▶ **WORK TO BE COMPLETED**: Beginning with the line that contains "Longines watch case", copy each subsequent line of the data below through the last one, including both ends but not the pictures.

▶ **Brief descriptive captions**:
=====

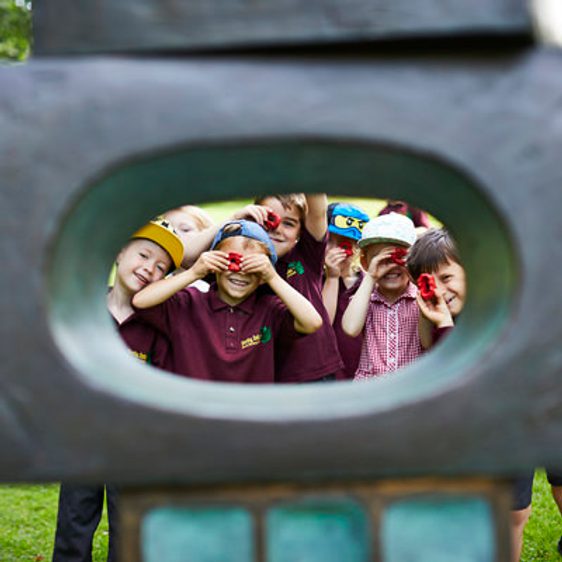 A group of young children looking through the eye of a sculpture.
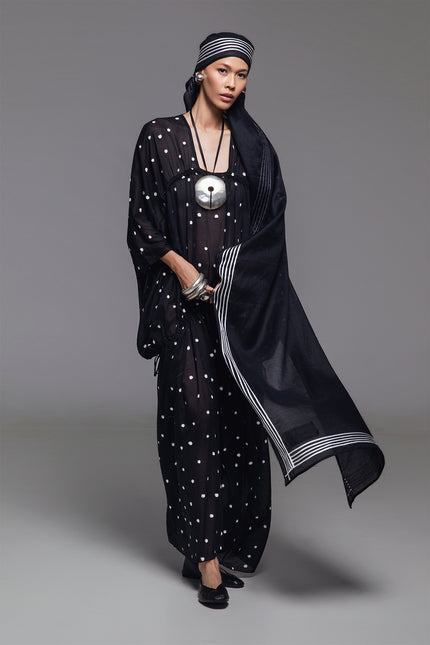Model wearing Olivine Kaftan in lightweight cotton with relaxed silhouette, adjustable front drawstrings, square neckline, and timeless polka dot print.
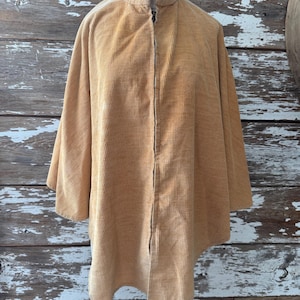 May include: A tan corduroy jacket with a high collar and a full-length zipper. The jacket has a relaxed fit and three-quarter length sleeves. The fabric has a ribbed texture. The jacket is displayed on a mannequin against a weathered wood background.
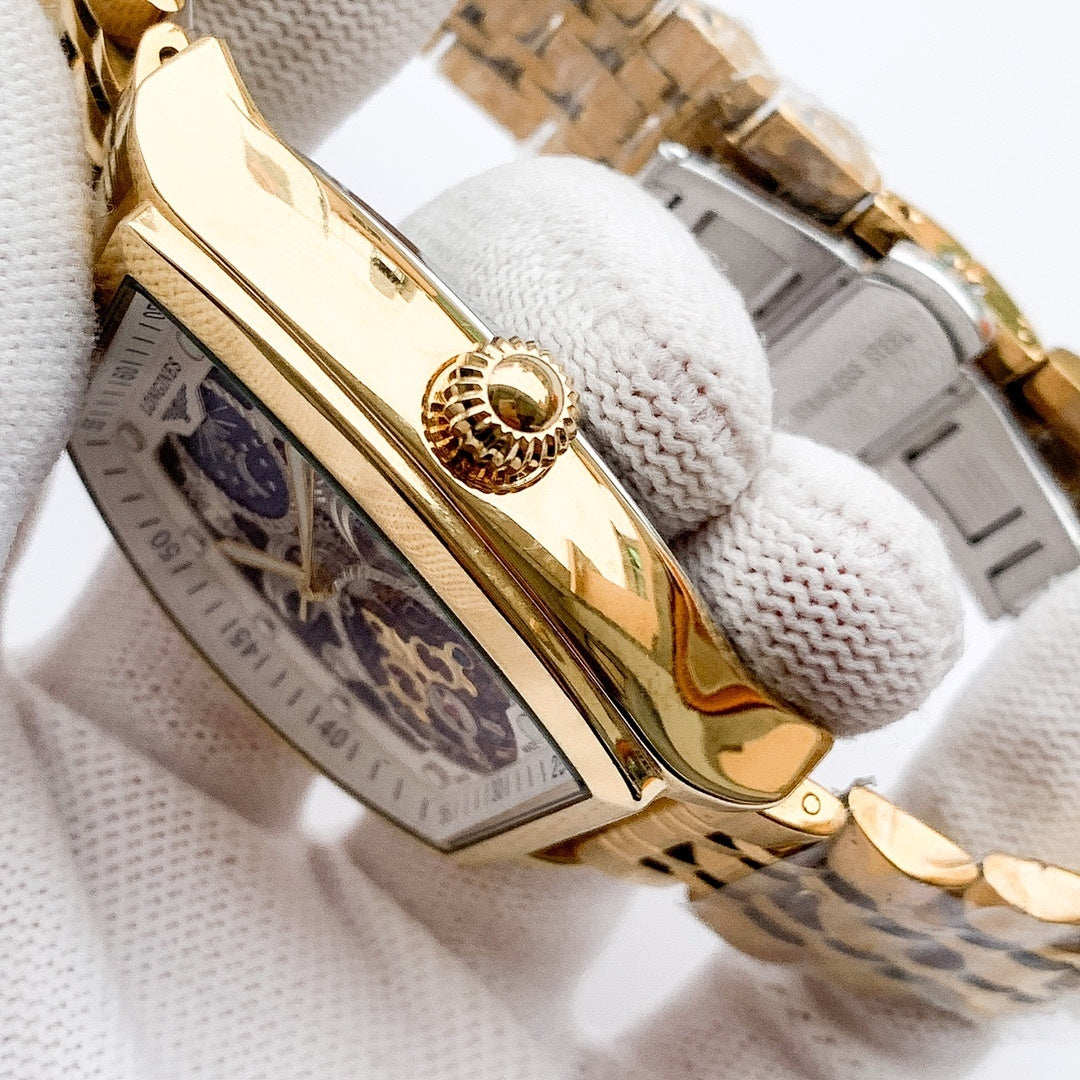 Longines watch case close-up with gold-tone bezel and see-through skeleton dial.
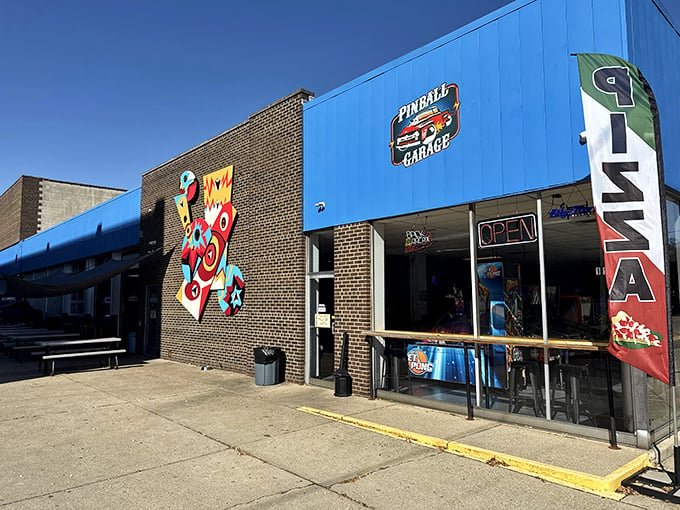 Blue skies and pinball dreams! This vibrant facade is like a siren call to your inner child, promising endless quarters of fun.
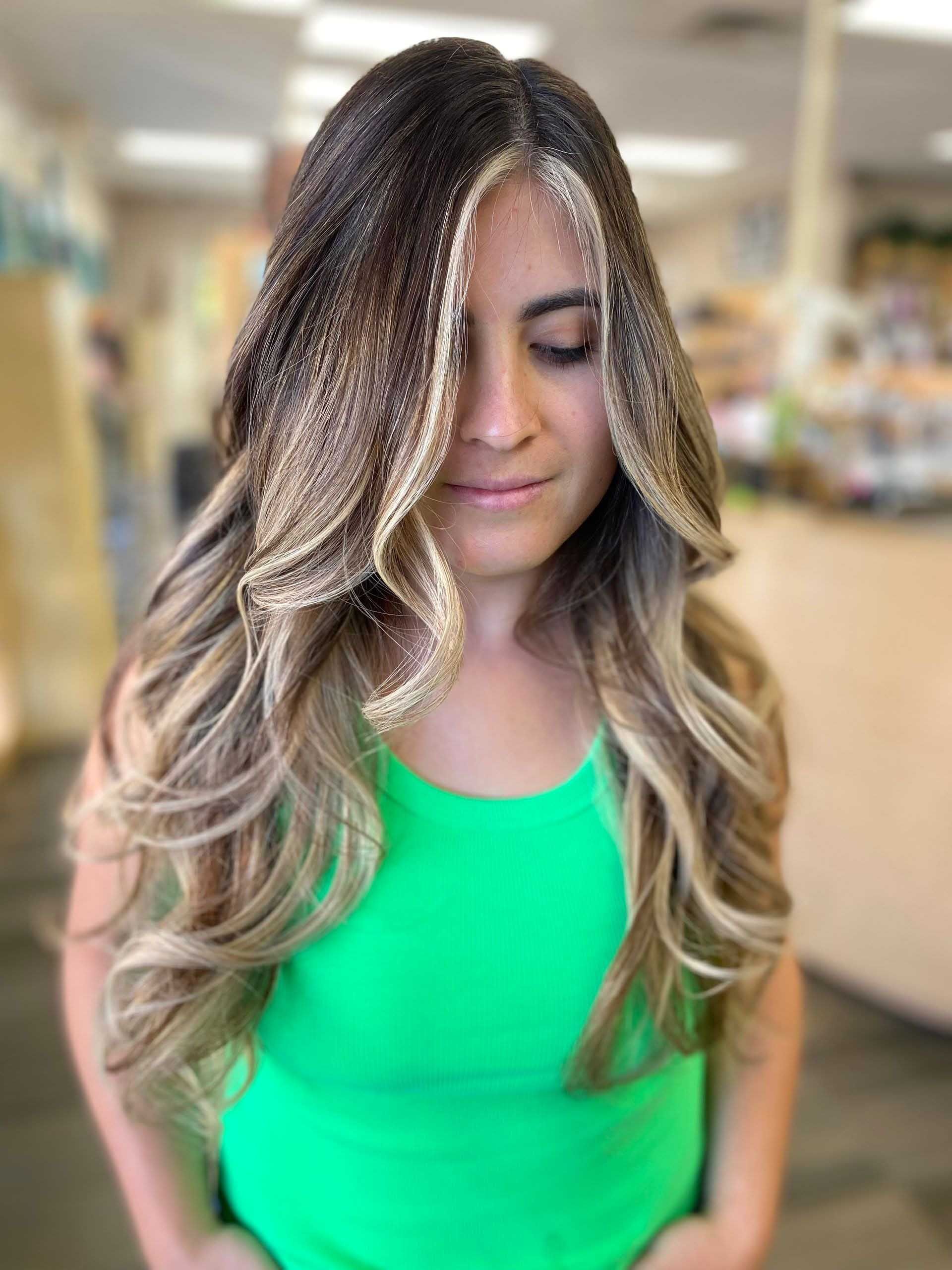 Woman with long, wavy, two-toned hair and a green tank top, eyes closed, in a store setting.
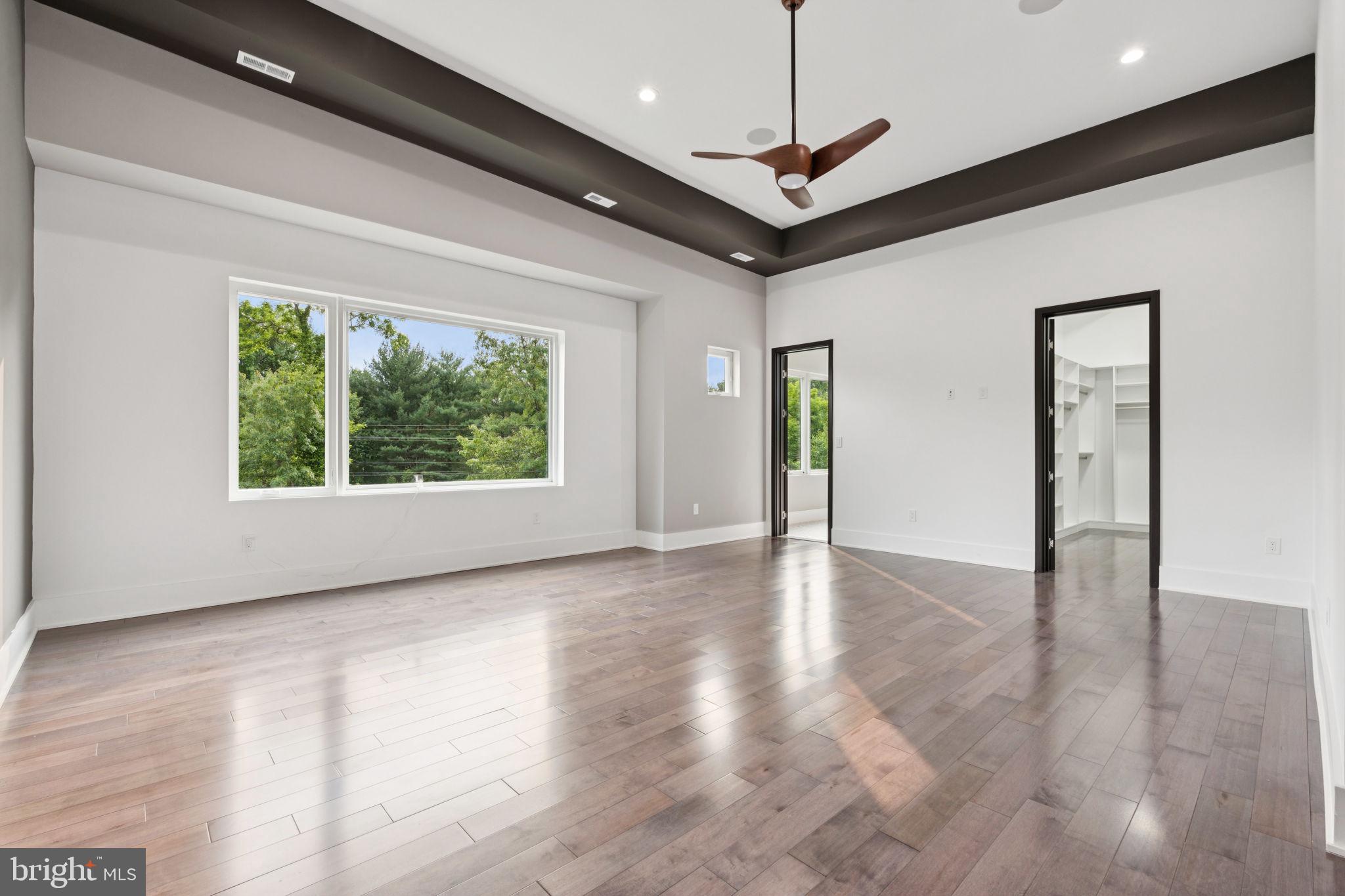 2209 Hunter Mill Road Vienna, VA 22181 - Photo 30 of 63 a view of an empty room with wooden floor and a window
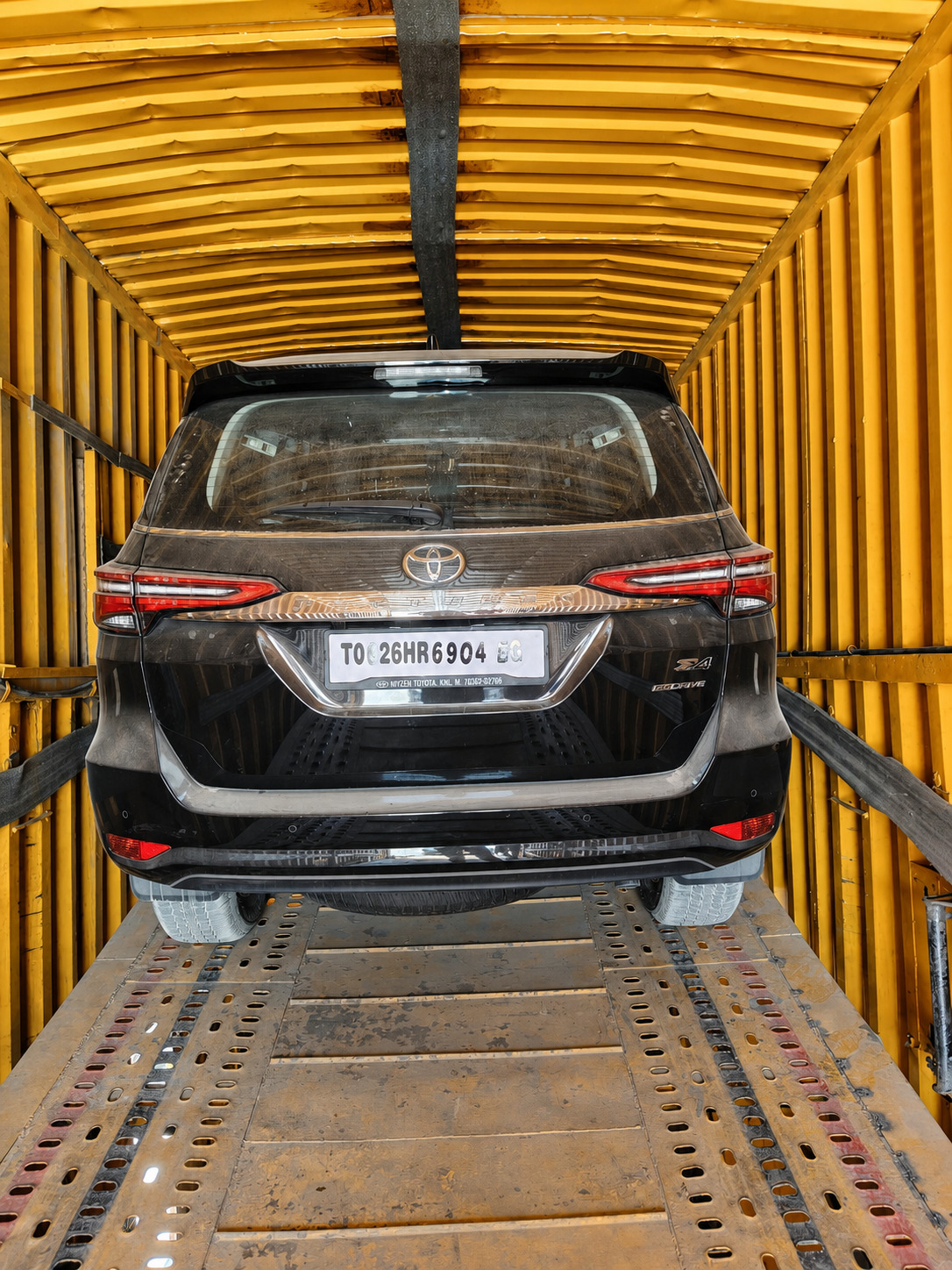 Toyota Fortuner, loaded and locked down for an enclosed-carrier move.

=====

▶ **EXERCISE ANSWER**:
 Longines watch case close-up with gold-tone bezel and see-through skeleton dial.
 Blue skies and pinball dreams! This vibrant facade is like a siren call to your inner child, promising endless quarters of fun.
 Woman with long, wavy, two-toned hair and a green tank top, eyes closed, in a store setting.
 2209 Hunter Mill Road Vienna, VA 22181 - Photo 30 of 63 a view of an empty room with wooden floor and a window
 Toyota Fortuner, loaded and locked down for an enclosed-carrier move.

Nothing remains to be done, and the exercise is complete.